• DATASET CONTENT:
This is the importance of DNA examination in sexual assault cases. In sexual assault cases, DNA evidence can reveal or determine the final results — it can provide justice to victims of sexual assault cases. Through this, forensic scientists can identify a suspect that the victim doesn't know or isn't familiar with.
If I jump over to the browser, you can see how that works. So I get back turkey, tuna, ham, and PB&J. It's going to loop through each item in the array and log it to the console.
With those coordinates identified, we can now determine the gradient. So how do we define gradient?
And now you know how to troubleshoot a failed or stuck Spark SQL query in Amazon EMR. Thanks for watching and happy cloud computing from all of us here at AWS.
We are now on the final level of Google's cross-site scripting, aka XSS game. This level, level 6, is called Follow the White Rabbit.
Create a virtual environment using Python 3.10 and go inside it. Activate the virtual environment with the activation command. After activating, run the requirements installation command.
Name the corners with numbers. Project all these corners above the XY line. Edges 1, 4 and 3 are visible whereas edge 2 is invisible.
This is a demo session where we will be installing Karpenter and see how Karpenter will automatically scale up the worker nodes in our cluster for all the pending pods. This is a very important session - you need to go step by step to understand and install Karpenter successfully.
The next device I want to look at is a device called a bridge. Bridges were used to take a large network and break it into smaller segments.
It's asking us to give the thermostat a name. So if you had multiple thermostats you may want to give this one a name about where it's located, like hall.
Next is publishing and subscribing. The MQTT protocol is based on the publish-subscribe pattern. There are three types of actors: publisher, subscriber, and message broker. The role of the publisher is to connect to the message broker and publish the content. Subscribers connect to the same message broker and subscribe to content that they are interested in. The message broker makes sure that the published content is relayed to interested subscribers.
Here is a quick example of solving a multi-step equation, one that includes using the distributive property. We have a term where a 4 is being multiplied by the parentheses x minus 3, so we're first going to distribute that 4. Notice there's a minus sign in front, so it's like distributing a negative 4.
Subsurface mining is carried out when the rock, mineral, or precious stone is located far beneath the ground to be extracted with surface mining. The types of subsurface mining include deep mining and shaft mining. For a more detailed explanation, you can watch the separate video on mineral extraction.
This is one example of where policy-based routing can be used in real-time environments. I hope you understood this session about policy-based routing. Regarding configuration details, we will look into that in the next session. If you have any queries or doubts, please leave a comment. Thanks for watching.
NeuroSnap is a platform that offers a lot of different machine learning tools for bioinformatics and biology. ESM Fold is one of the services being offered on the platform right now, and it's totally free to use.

* * *

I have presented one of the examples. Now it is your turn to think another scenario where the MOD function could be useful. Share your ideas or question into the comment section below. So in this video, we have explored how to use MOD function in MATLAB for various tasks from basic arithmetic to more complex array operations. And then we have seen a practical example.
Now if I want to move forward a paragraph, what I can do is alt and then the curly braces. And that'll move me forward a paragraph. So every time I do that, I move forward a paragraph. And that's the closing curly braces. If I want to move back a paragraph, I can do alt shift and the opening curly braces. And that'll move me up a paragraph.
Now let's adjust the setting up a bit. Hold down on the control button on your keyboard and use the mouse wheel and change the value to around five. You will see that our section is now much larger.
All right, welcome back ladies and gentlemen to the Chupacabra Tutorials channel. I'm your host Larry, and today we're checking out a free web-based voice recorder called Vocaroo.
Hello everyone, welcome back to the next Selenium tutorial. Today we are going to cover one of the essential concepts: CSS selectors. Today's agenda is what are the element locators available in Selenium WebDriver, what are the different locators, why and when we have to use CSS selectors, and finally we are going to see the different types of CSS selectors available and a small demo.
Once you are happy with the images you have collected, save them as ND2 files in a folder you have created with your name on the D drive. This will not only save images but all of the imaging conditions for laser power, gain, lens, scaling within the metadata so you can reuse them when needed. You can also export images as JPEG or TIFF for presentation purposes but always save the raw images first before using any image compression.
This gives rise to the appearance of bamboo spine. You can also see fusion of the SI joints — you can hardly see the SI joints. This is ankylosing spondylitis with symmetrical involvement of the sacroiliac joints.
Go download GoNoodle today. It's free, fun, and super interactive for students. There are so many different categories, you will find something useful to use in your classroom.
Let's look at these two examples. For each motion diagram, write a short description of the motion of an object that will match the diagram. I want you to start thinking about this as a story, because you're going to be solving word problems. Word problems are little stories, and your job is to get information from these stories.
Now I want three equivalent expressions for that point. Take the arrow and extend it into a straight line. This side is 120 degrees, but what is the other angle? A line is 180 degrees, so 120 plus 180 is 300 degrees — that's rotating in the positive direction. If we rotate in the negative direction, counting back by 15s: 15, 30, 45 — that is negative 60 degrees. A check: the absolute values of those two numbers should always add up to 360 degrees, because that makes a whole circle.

• AIM OF THE TASK: Give an exact copy of the lines above from the line with "Now if I want" up to and including the line with "Go download GoNoodle", and leave everything else out.

• RESULT OF THIS TASK:
Now if I want to move forward a paragraph, what I can do is alt and then the curly braces. And that'll move me forward a paragraph. So every time I do that, I move forward a paragraph. And that's the closing curly braces. If I want to move back a paragraph, I can do alt shift and the opening curly braces. And that'll move me up a paragraph.
Now let's adjust the setting up a bit. Hold down on the control button on your keyboard and use the mouse wheel and change the value to around five. You will see that our section is now much larger.
All right, welcome back ladies and gentlemen to the Chupacabra Tutorials channel. I'm your host Larry, and today we're checking out a free web-based voice recorder called Vocaroo.
Hello everyone, welcome back to the next Selenium tutorial. Today we are going to cover one of the essential concepts: CSS selectors. Today's agenda is what are the element locators available in Selenium WebDriver, what are the different locators, why and when we have to use CSS selectors, and finally we are going to see the different types of CSS selectors available and a small demo.
Once you are happy with the images you have collected, save them as ND2 files in a folder you have created with your name on the D drive. This will not only save images but all of the imaging conditions for laser power, gain, lens, scaling within the metadata so you can reuse them when needed. You can also export images as JPEG or TIFF for presentation purposes but always save the raw images first before using any image compression.
This gives rise to the appearance of bamboo spine. You can also see fusion of the SI joints — you can hardly see the SI joints. This is ankylosing spondylitis with symmetrical involvement of the sacroiliac joints.
Go download GoNoodle today. It's free, fun, and super interactive for students. There are so many different categories, you will find something useful to use in your classroom.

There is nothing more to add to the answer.